One year on she is living in Cumber with her boyfriend, Belfast native William Brown, and has been painting non-stop for the past year.
“I’ve been a lot more focused this time around preparing for my second exhibition and I have worked all year round completing it,” she said.
Growing up in the foothills of Muckish, the well-known Donegal landmark has always featured heavily in Ailsa artwork and so it is with her latest exhibition, named after a well-known bridge by the mountain.
She said: “Even though I am living in north Down, that part of Donegal is still very much part of my painting and I’ve been over and back a lot while I have been working.
“But living in County Down, I’ve also drawn some influences for my landscapes from these parts.”
Ailsa said, after her first exhibition, Mo Bhaile, at Café Blend in Letterkenny, she received so much interest in her work, it really drove her on to pursue a full-time career in art.
“The opening night was so incredible, I remember being very nervous wondering if people would come, but it couldn’t have gone any better.
“I’m hoping for the same again, especially as it’s so close to home on this occasion.
“I’m really delighted that I have been given the opportunity of exhibiting my art at The Workhouse which, I feel, is an ideal location for displaying my paintings.
“It’s real cultural landmark and I think my art needs to be shown in a place like that with such heritage.”
Ailsa’s unique take on local landscapes has proven a real hit with art lovers and after selling out her first exhibition, she was kept very busy working on commissions.
At the time Ailsa didn’t expect to sell all over he paintings and saw holding an exhibition more as a means of getting her name out there and promoting her art – and that she certainly did with great success.
“There was so much interest from people, both in Donegal and Northern Ireland, and I pretty much sold out the whole exhibition which was a huge boost, of course.
“The success of my first exhibition had a real knock-on effect and kept me going during the year.
“It’s tough sometimes as a full-time artist, but you just have to keep the head down and keep at it.”
Ailsa’s canvas of choice for her landscape paintings is wood.
“I feel the grain of the wood gives the paintings a lot more texture and makes them look a lot more dramatic and it’s just a lovely material to work on. As well as that the paintings are lot easier to frame afterwards.”

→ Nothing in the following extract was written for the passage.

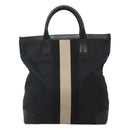 GUCCI GG Canvas Sherry Line Hand Bag Black White 002 1098 3444 Auth ep8642-2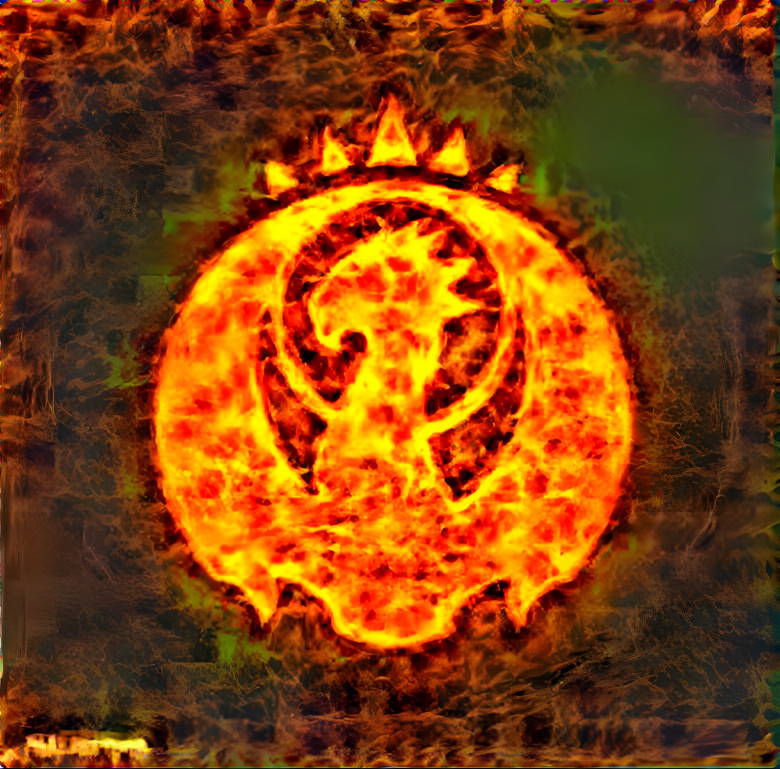 Fire Izzet Symbol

Dedicating her whole time to painting, Ailsa said she is treating it as a 9 to 5 job, but as she loves what she’s doing so much, it certainly doesn’t feel like that to her.
“I have a little studio in our house in Cumber and I get up and start working at 9, have lunch and then finish up at 5 for my tea, but very often I will go back and do some more work in the evening.
“Doing that is all about self-motivation, and as I love it so much, it;s not very hard for me, so it’s very much a labour of love” she said.
The daughter of Mary and Columba Friel, Ailsa graduated from University of Ulster (Belfast campus) with a degree in Fine Art (Ceramics) in 2007, but this was not the area she had initially intended to complete her studies in.
“I started out painting at college, but when they wanted me to change my style I made the switch to ceramics and after my graduation I was invited to exhibit my final pieces at the Royal Ulster Academy Annual Exhibition, but I knew some day I’d wanted to get back to painting.”
And so the young artist from Creeslough has, with great success, and you can see Ailsa Friel’s latest exhibition, Bridge Of Tears, at Dunfanaghy’s Workhouse from July 8.